▶ TASK INSTRUCTIONS
Copy out the full data exactly as given; pictures should not be included.

▶ INFORMATION PROVIDED
##############################

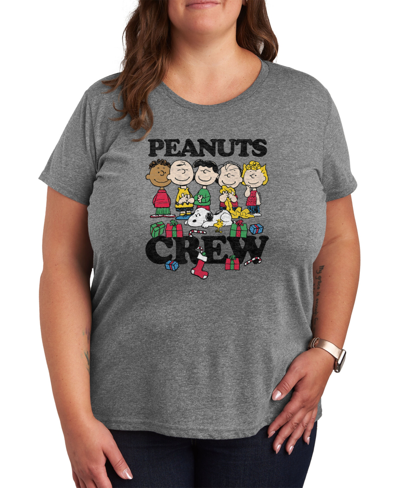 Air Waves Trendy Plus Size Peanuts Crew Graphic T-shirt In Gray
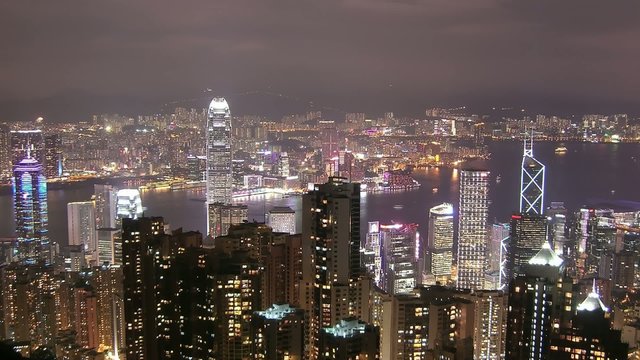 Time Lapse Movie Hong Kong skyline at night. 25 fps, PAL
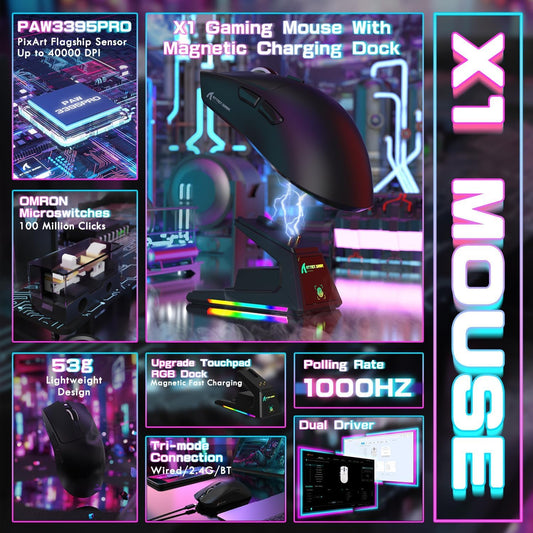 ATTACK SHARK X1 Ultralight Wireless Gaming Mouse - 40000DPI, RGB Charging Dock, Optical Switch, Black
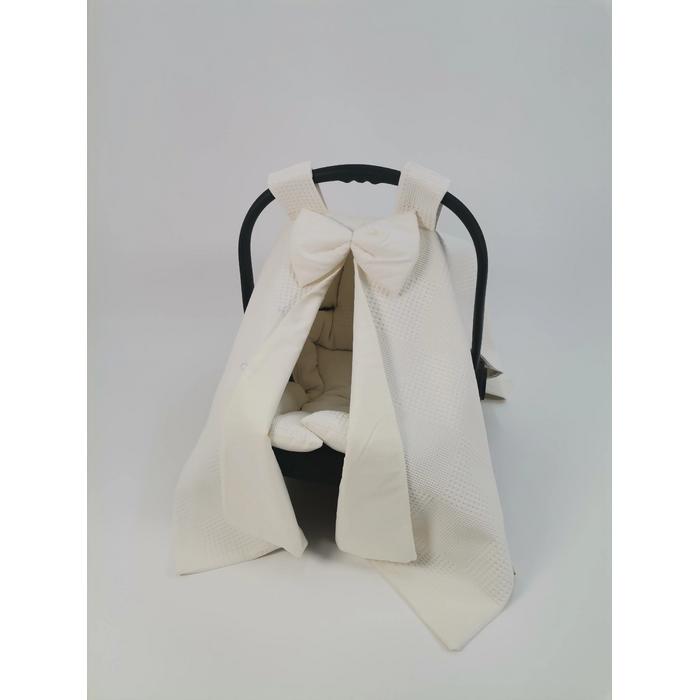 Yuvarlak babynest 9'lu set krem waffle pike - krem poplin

##############################

▶ RESPONSE AREA
 Air Waves Trendy Plus Size Peanuts Crew Graphic T-shirt In Gray
 Time Lapse Movie Hong Kong skyline at night. 25 fps, PAL
 ATTACK SHARK X1 Ultralight Wireless Gaming Mouse - 40000DPI, RGB Charging Dock, Optical Switch, Black
 Yuvarlak babynest 9'lu set krem waffle pike - krem poplin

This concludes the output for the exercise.